The scope of homosexuality has never been scientifically established. The catholic priests, no doubt, had homosexual proclivities prior to entering seminary; but this assertion has neither been proven nor disproved. The cause of homosexuality has never been established so that a correlation between the priests and other lgbt members cannot be discounted.
Persons who engaged exclusively in homosexual behavior arbitrarily chose to call themselves gay. The lgbt subculture defines itself and everyone else. Cynthia Nixon is on the record saying she chose to be gay. Lgbt forced her to recant and say that she was born bisexual. By what authority can they make that assessment?
The fact is people engage in homosexual behavior either by choice or compulsion.
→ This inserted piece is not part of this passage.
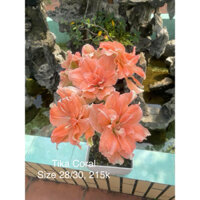 Củ hoa lan huệ kép Tika coral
Any preclusion from normal sexual interaction with members of the opposite gender is imposed by their own minds. Lawrence v. Texas provides that people in this country have the legal right to choose to engage in such behavior. The law also provides for treatment for those who are compelled to engage in the behavior but would rather not. The law does not oblige society to sanction or embrace the behavior as normal. Same gender sodomy is not normal human behavior.
A homosexual lifestyle is antithetical to the mores and traditions of the American culture. It is in diametric opposition to the tenets of marriage.
So then the question is would a fifty year old district court Judge Ginsburg have suggested destroying American democracy by violating the tenth amendment to the Constitution, as Vaughn Walker did in California (granted, Walker’s motivation was self serving and speaks more to where his loyalties lie); and as a seventy nine year old Supreme Court Associate Justice Ruth Bader Ginsburg proposes to do? In other words, “how old is too old?”.
The court has a fondness for considering questions in the context of modern advancements. Perhaps it is time to consider life tenure in the context of today’s lifespan expectancy.